[Saved data entries]
· · · · · · ·

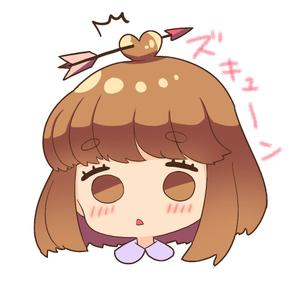 エセボン (esebond)さんのほんわか可愛いカップルスタンプ（女の子だけでも可）への提案
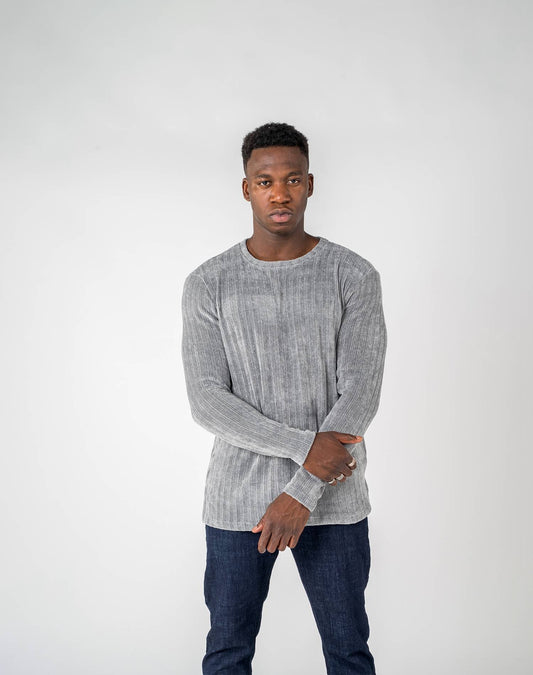 Jersey de rayas con caídaJerseisGrisS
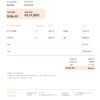 USA The Elm Premier invoice template in Word and PDF format, fully editable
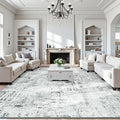 Rugflix 9x12 Washable Area Rugs, Neutral Boho Carpet Living Room Rug Non Slip by RugflixAreaRugs
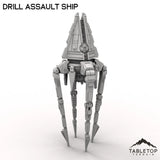 Tabletop Terrain Vehicle Drill Assault Ship - To'ka Station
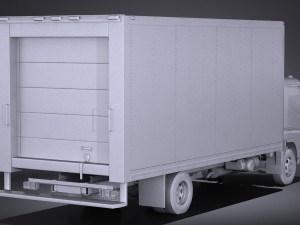 Mitsubishi Fuso Box 2016 Model 3D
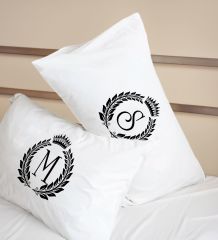 BK Gift Kişiye Özel Baş Harfli Pamuklu 2’li Yastık Kılıfı Seti-1 50x70cm , Sevgiliye Hediye, Ev Hediyesi, Tasarım Ev Tekstili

· · · · · · ·

→ Work instructions
Output the entries above exactly. Drop the pictures.

→ Expected answer
 エセボン (esebond)さんのほんわか可愛いカップルスタンプ（女の子だけでも可）への提案
 Jersey de rayas con caídaJerseisGrisS
 USA The Elm Premier invoice template in Word and PDF format, fully editable
 Rugflix 9x12 Washable Area Rugs, Neutral Boho Carpet Living Room Rug Non Slip by RugflixAreaRugs
 Tabletop Terrain Vehicle Drill Assault Ship - To'ka Station
 Mitsubishi Fuso Box 2016 Model 3D
 BK Gift Kişiye Özel Baş Harfli Pamuklu 2’li Yastık Kılıfı Seti-1 50x70cm , Sevgiliye Hediye, Ev Hediyesi, Tasarım Ev Tekstili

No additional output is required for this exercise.